*** Block opens ***

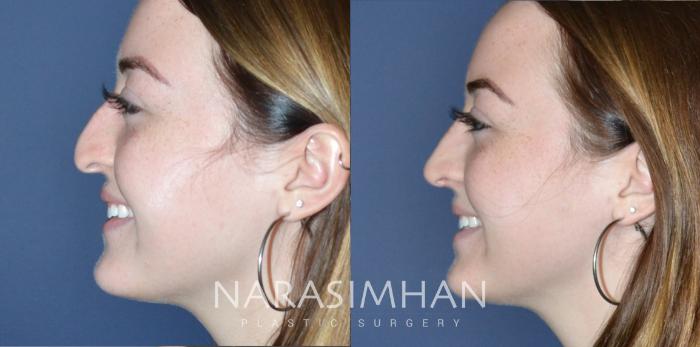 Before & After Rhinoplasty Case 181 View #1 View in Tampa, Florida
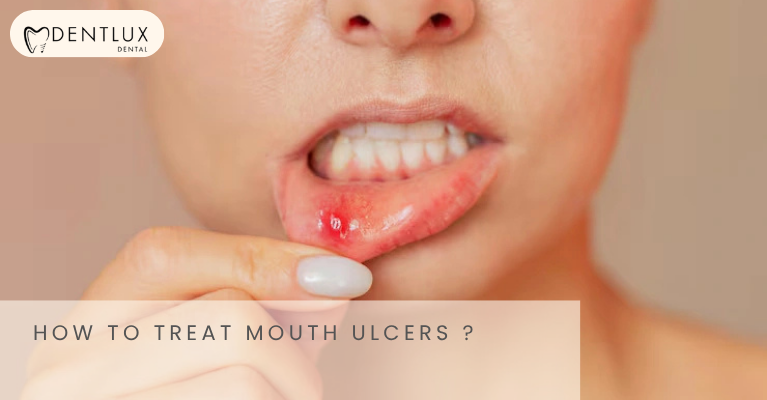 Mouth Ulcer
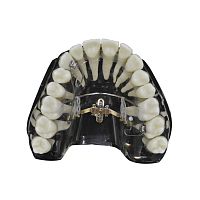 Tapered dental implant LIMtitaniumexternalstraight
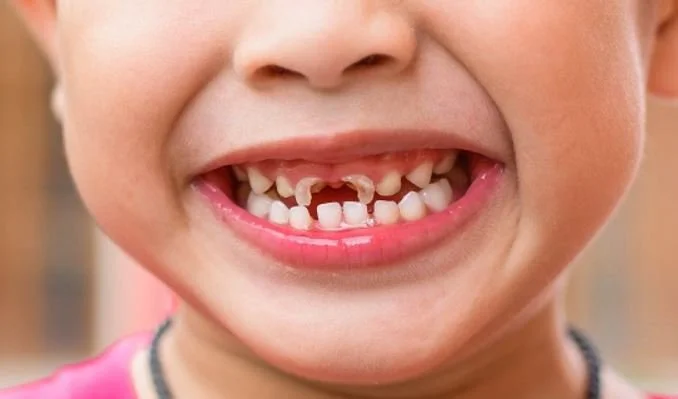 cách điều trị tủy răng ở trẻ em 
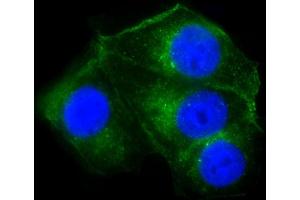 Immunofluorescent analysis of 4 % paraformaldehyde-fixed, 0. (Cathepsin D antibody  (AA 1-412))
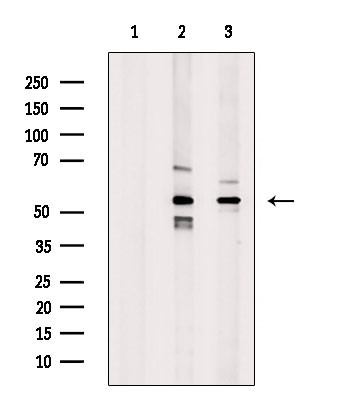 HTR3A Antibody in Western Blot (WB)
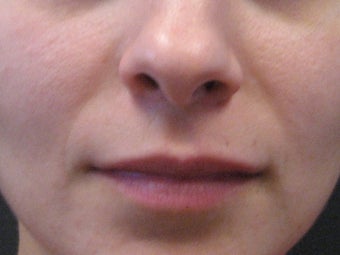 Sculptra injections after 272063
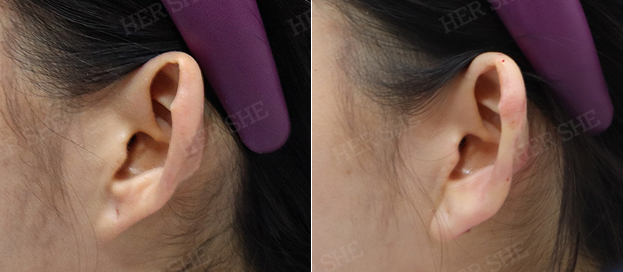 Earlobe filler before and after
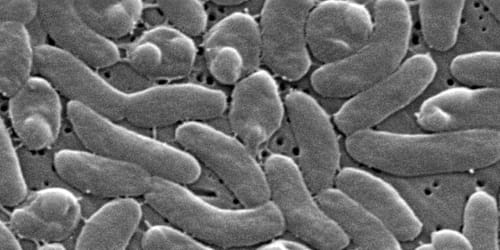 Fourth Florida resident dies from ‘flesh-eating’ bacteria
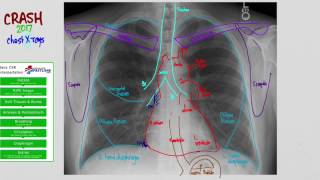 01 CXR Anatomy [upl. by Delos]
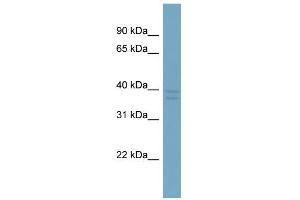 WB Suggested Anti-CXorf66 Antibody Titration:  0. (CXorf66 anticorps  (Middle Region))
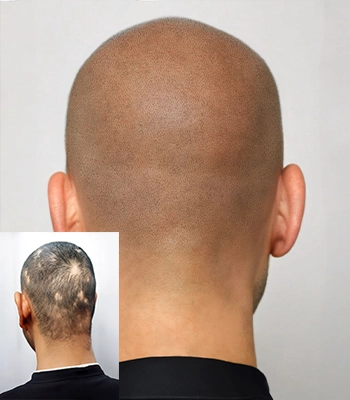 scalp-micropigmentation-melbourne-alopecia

*** Block closes ***

▸ **Your objective**:
Lines from the one containing "Sculptra injections after 272063" through the end of the listing, both included, are to be restated exactly, and pictures are to be left out.

▸ **Expected answer**:
 Sculptra injections after 272063
 Earlobe filler before and after
 Fourth Florida resident dies from ‘flesh-eating’ bacteria
 01 CXR Anatomy [upl. by Delos]
 WB Suggested Anti-CXorf66 Antibody Titration:  0. (CXorf66 anticorps  (Middle Region))
 scalp-micropigmentation-melbourne-alopecia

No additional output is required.